The instruction LDC loads data from memory into the co-processor register, while STC saves data from a co-processor register to memory.
The ARM should supply the address, the co-processor accepts the data and controls how much is transferred.

   LDC    <co-pro>, <co-pro reg>, <address>
   LDCL   <co-pro>, <co-pro reg>, <address>
   STC    <co-pro>, <co-pro reg>, <address>
   STCL   <co-pro>, <co-pro reg>, <address>

If the 'L' flag is specified, a long transfer is performed. Otherwise a short transfer is performed. The 'L' flag follows the extension, like LDCEQL.
The address is an expression which results in an address being generated, so examples of which are:

   [Rx]
   [Rx, #x] !
   [Rx], #x

These are like those used for the LDR instruction.
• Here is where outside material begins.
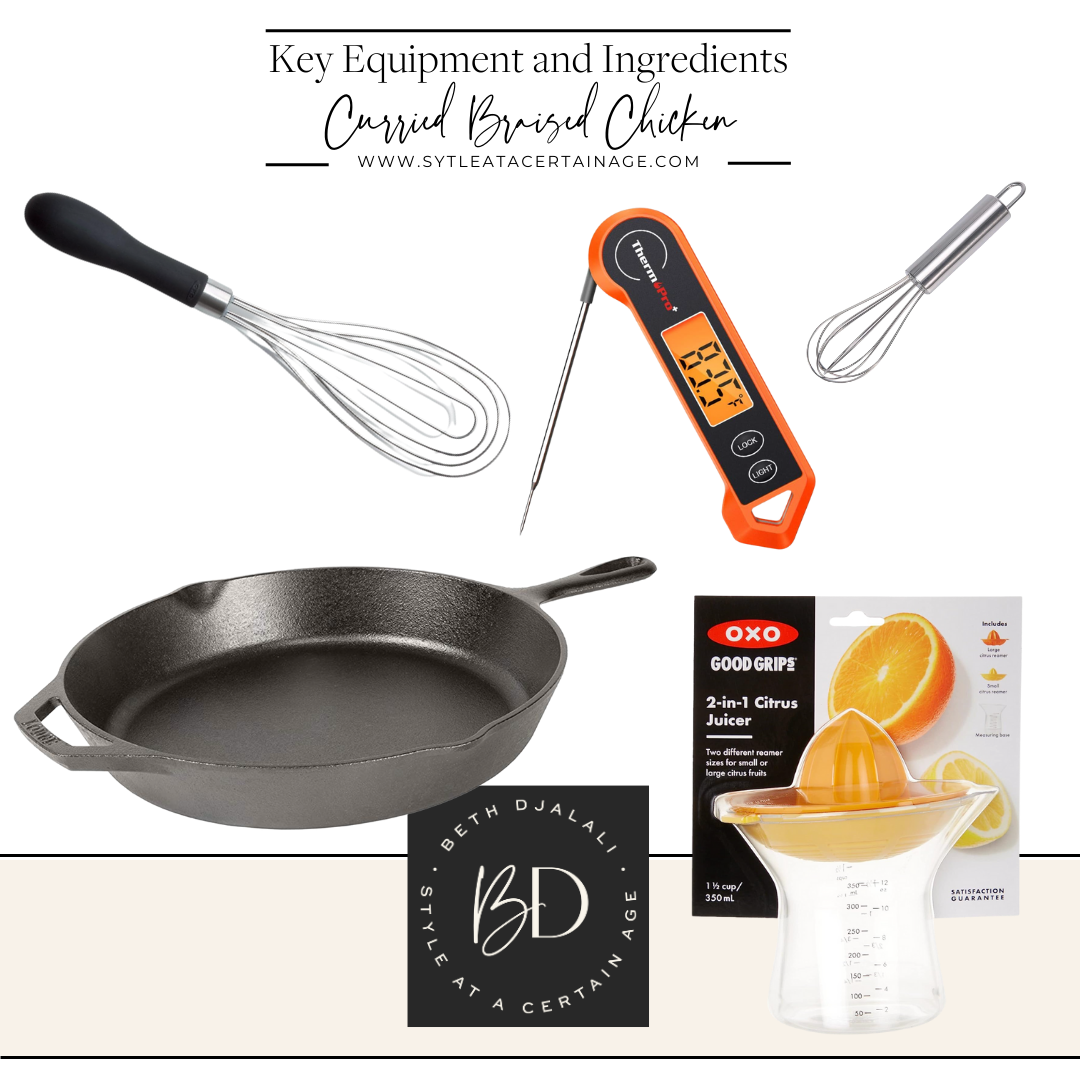 0917 Equipment and Ingredients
However they are only eight bits wide and specify word offsets (the ARM types are 12 bit and byte offset).
What happens is the 8 bit unsigned offset is shifted left two bits and added or subtracted from the base register, this may be done before or after the base is used as the transfer address. The new base value can be written back, or left unmodified.
The next difference is that post-indexed addressing requires explicit setting of the W bit of the instruction (unlike LDR/STR which always does it when post-indexed). You set the 'W' bit with the '!' flag, like STR CP0, CR1, [R2, #16]!.
The base register is used for the first transfer. If there are any further transfers, the base will be incremented by one word for each of those additional transfers.

CDP

The instruction CDP instructs the co-processor to do some processing. It takes the form:

   CDP    <co-pro>, <co-pro reg1>, <co-pro reg2>, <co-pro reg3>, <op>

This tells the co-processor to do something. The ARM will not wait for it to finish, nor is any sort of status sent back to the ARM. It is possible for a co-processor to maintain a queue of instructions, allowing it and the ARM to process in parallel.
A variant of this may be obtained with the floating point hardware; while it does not (to my knowledge) support a queue of instructions, it is true that the ARM will await the FPU to finish an operation before providing the next. With careful coding, it would therefore be possible to get the ARM to do some sort of processing (a few instructions) in between sending an instruction to the FPU and reading it's result back.
So instead of:

   FLTE    F0, R0
   FLTE    F1, R1
   MUFE    F2, F0, F1
   FIX     R0, F2
   MOV     R1, #0

you could save a small amount of time with:

   FLTE    F0, R0
   FLTE    F1, R1
   MUFE    F2, F0, F1
   MOV     R1, #0
   FIX     R0, F2

as the FPU could be finishing the MUF while you MOV. The hardware FPU (as in the 7500FE) runs asynchronous - you can switch to synchronous by setting a bit in the FPSR. The software emulation always runs synchronously, and as it uses the ARM in order to emulate the FP instructions, there is no possible advantage to be gained.
Obviously the above example is somewhat contrived. However it is only an example. Real life code, such an an MP3 decoder, could well benefit from careful arrangement of code.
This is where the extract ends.